Stored items from a collection

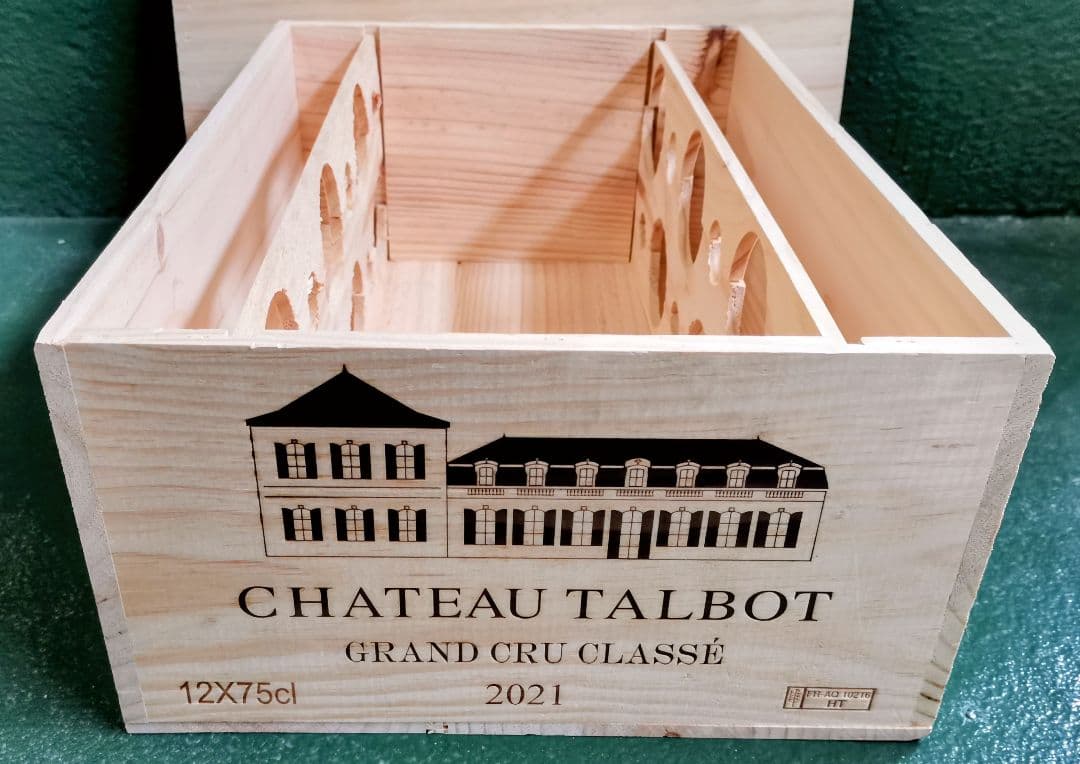 フランスボルドーワイン木箱２、2021年シャトータルボ/カイユブラン　美品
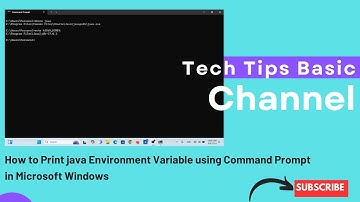 How to Print java Environment Variable using Command Prompt in Microsoft Windows #tips #windows
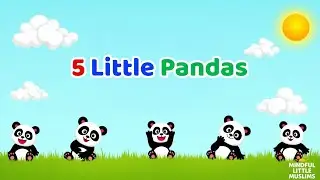 5 Little Pandas | Nursery Rhyme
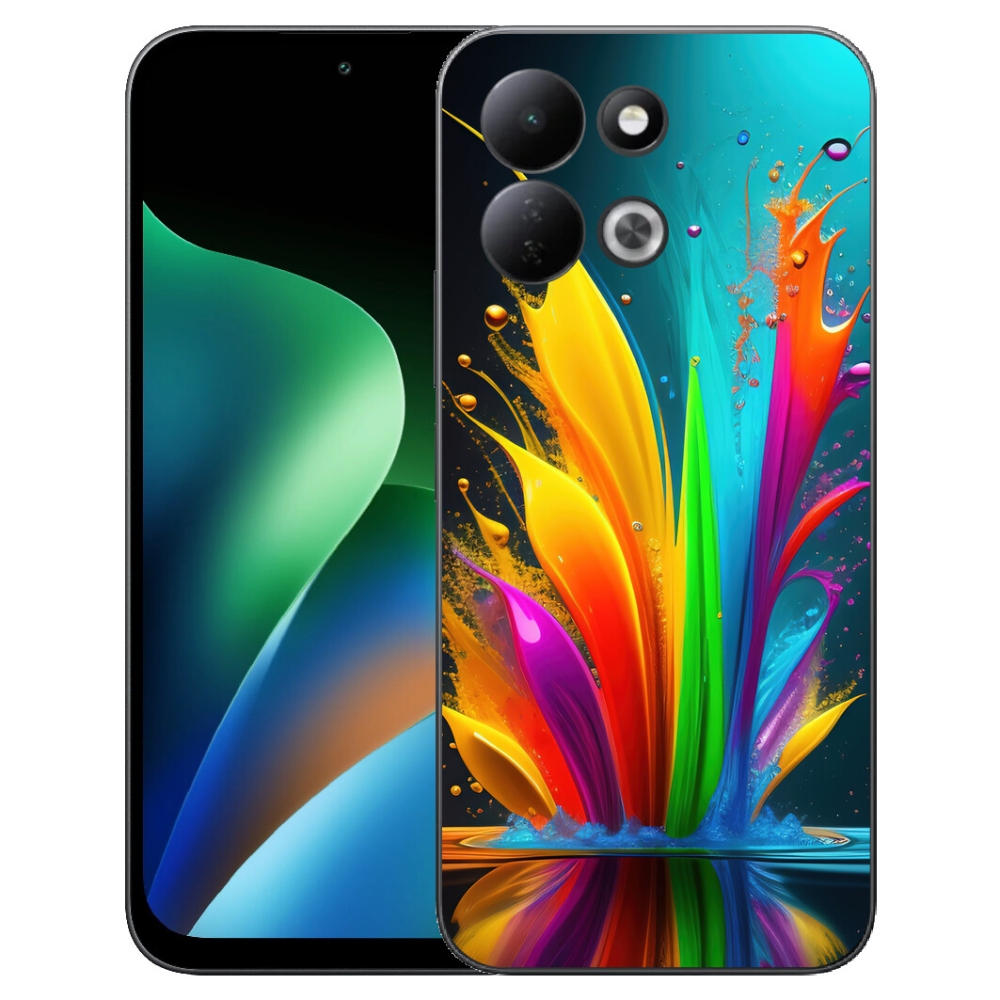Gélový kryt mmCase na Xiaomi Redmi 17 4G/5G - abstraktný motív 1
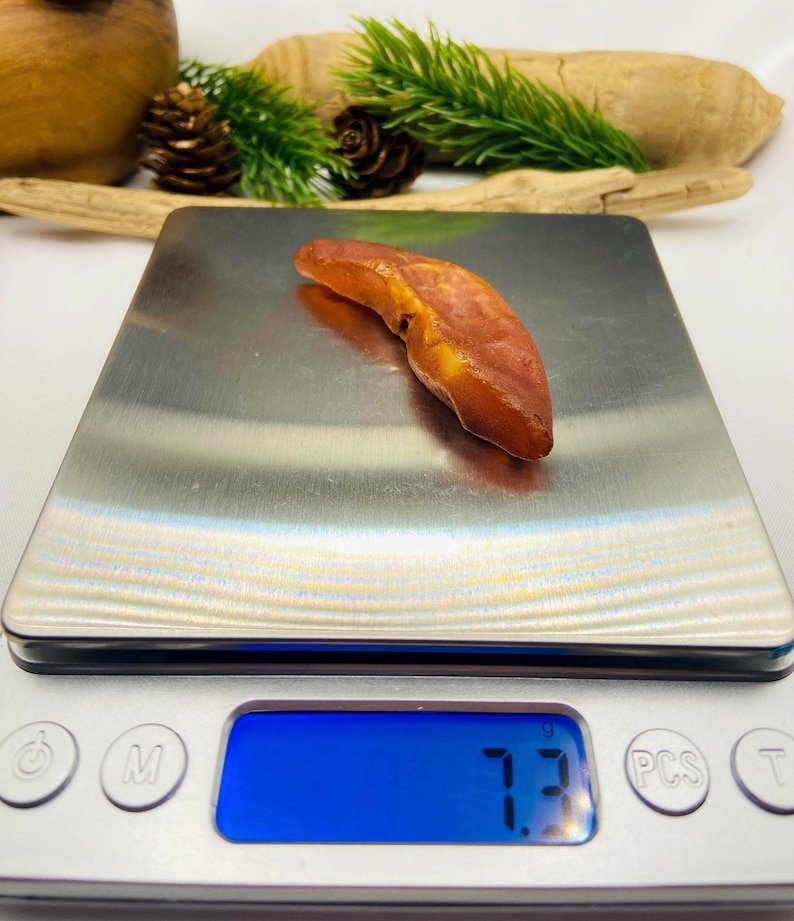 7 Grami Baltijas Dzintara neapstrādāts akmens kolekcionāriem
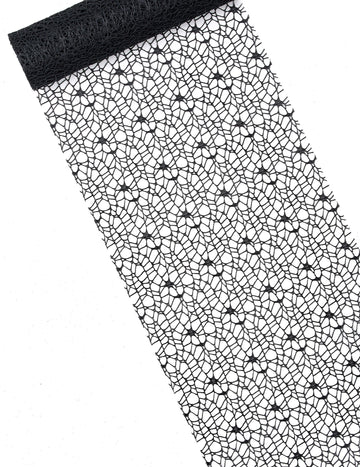 Halloweenský běhoun s pavučinou 28 cm x 5 m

Exercise directions - Output the entries exactly and keep every picture out of them.

Problem solution -
 フランスボルドーワイン木箱２、2021年シャトータルボ/カイユブラン　美品
 How to Print java Environment Variable using Command Prompt in Microsoft Windows #tips #windows
 5 Little Pandas | Nursery Rhyme
Gélový kryt mmCase na Xiaomi Redmi 17 4G/5G - abstraktný motív 1
 7 Grami Baltijas Dzintara neapstrādāts akmens kolekcionāriem
 Halloweenský běhoun s pavučinou 28 cm x 5 m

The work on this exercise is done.